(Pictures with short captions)
########################################

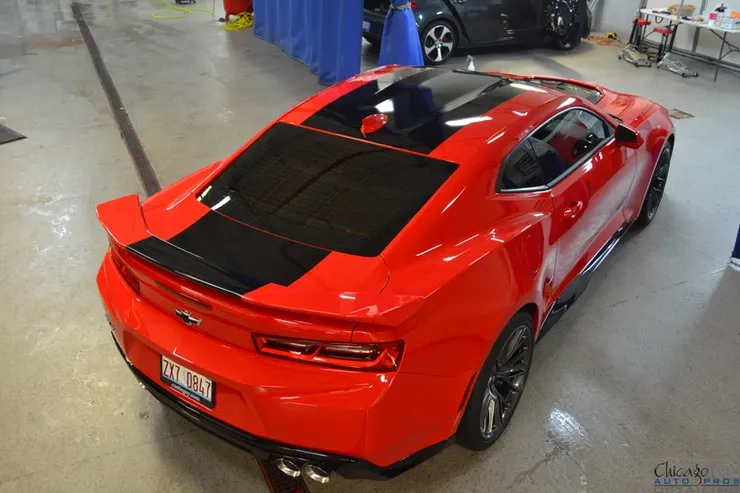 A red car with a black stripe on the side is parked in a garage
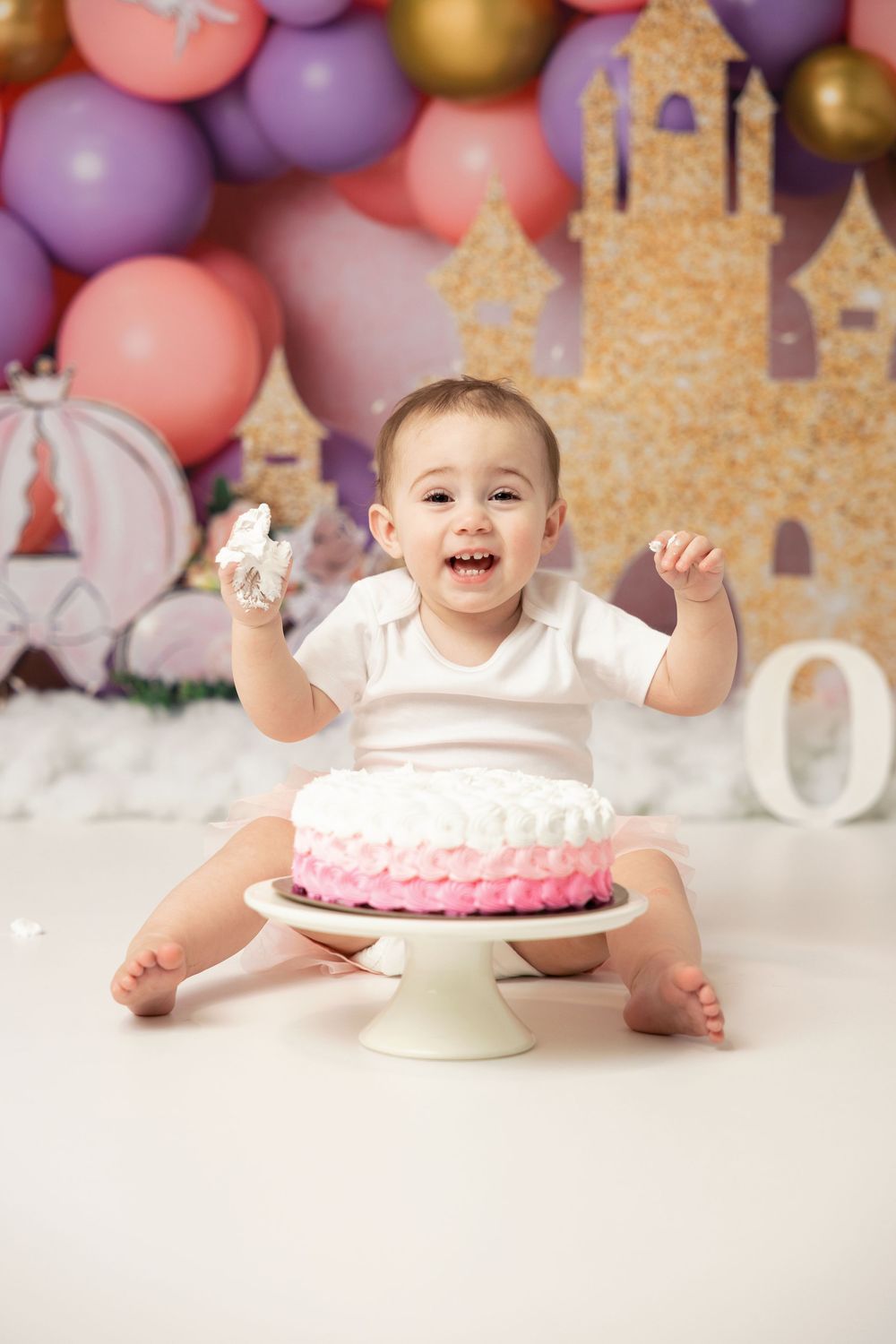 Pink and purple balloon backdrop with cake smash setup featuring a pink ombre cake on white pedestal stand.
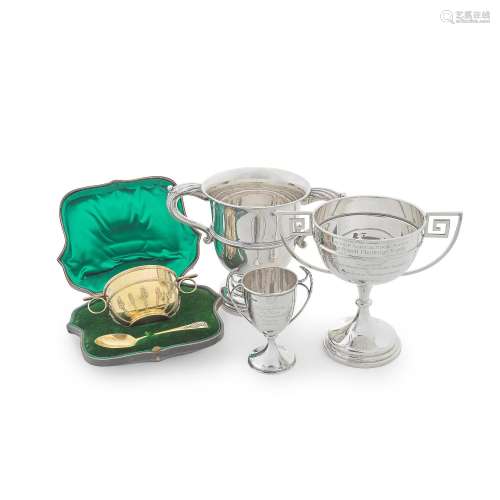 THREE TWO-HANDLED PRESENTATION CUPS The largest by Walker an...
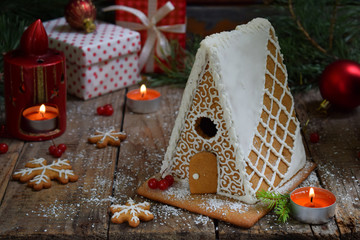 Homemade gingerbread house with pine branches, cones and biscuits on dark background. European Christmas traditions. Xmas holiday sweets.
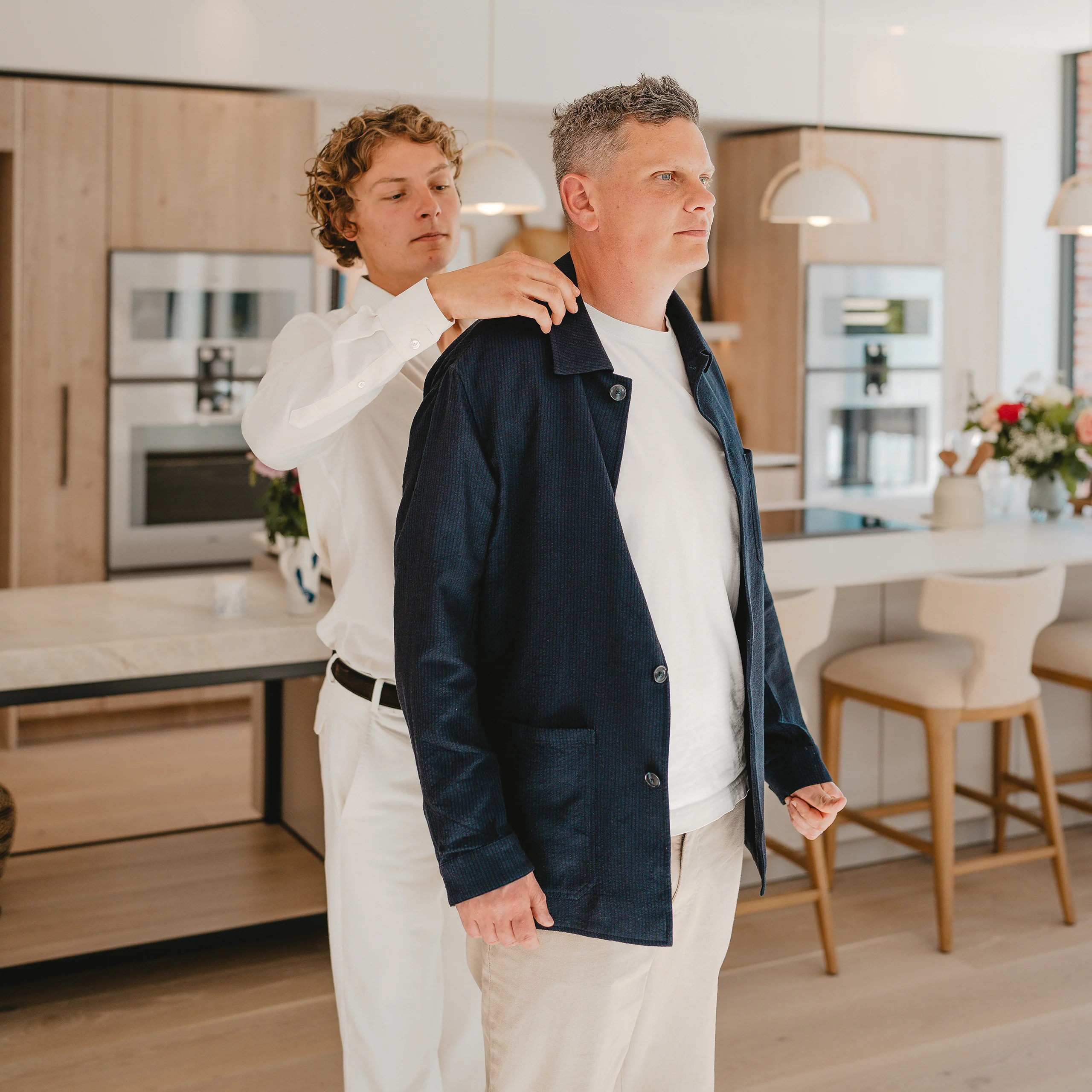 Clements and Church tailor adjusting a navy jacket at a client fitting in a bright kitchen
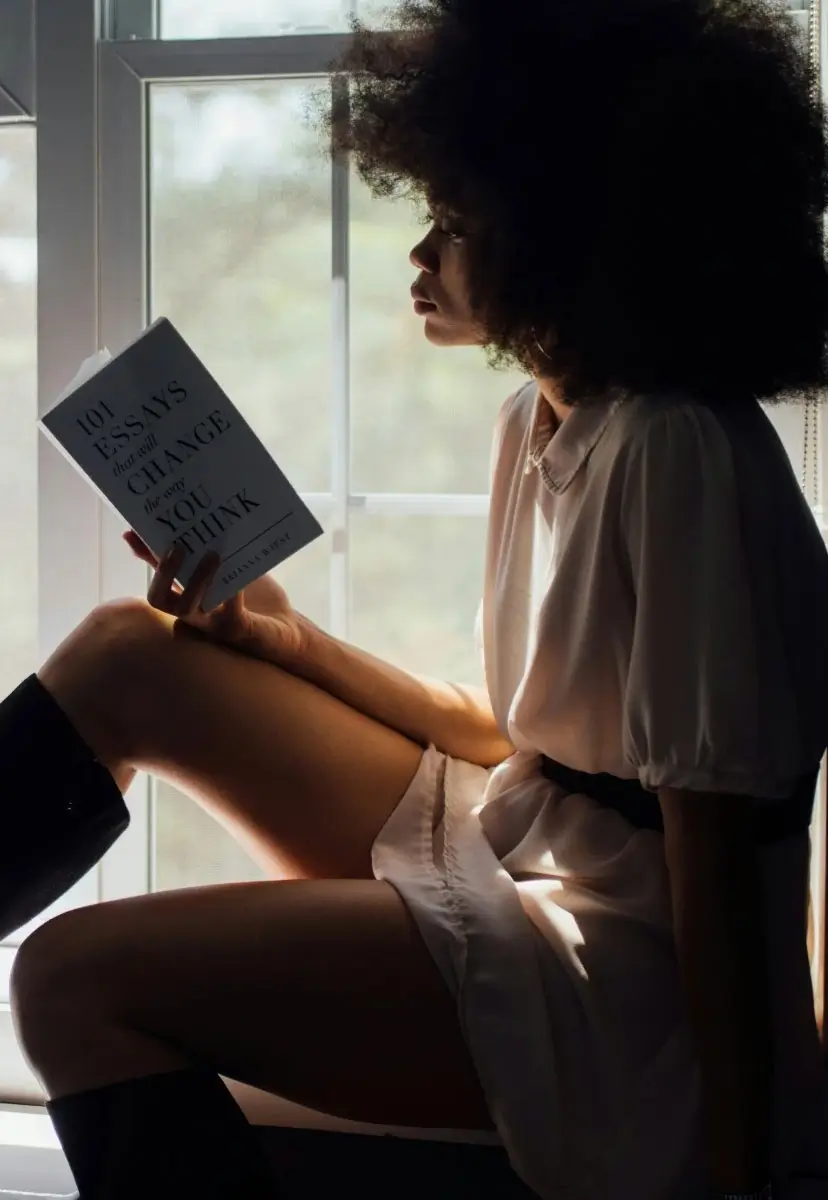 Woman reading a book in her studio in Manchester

########################################

The records above are to be copied exactly, without their pictures.

→ Result for this exercise
 A red car with a black stripe on the side is parked in a garage
 Pink and purple balloon backdrop with cake smash setup featuring a pink ombre cake on white pedestal stand.
 THREE TWO-HANDLED PRESENTATION CUPS The largest by Walker an...
 Homemade gingerbread house with pine branches, cones and biscuits on dark background. European Christmas traditions. Xmas holiday sweets.
 Clements and Church tailor adjusting a navy jacket at a client fitting in a bright kitchen
 Woman reading a book in her studio in Manchester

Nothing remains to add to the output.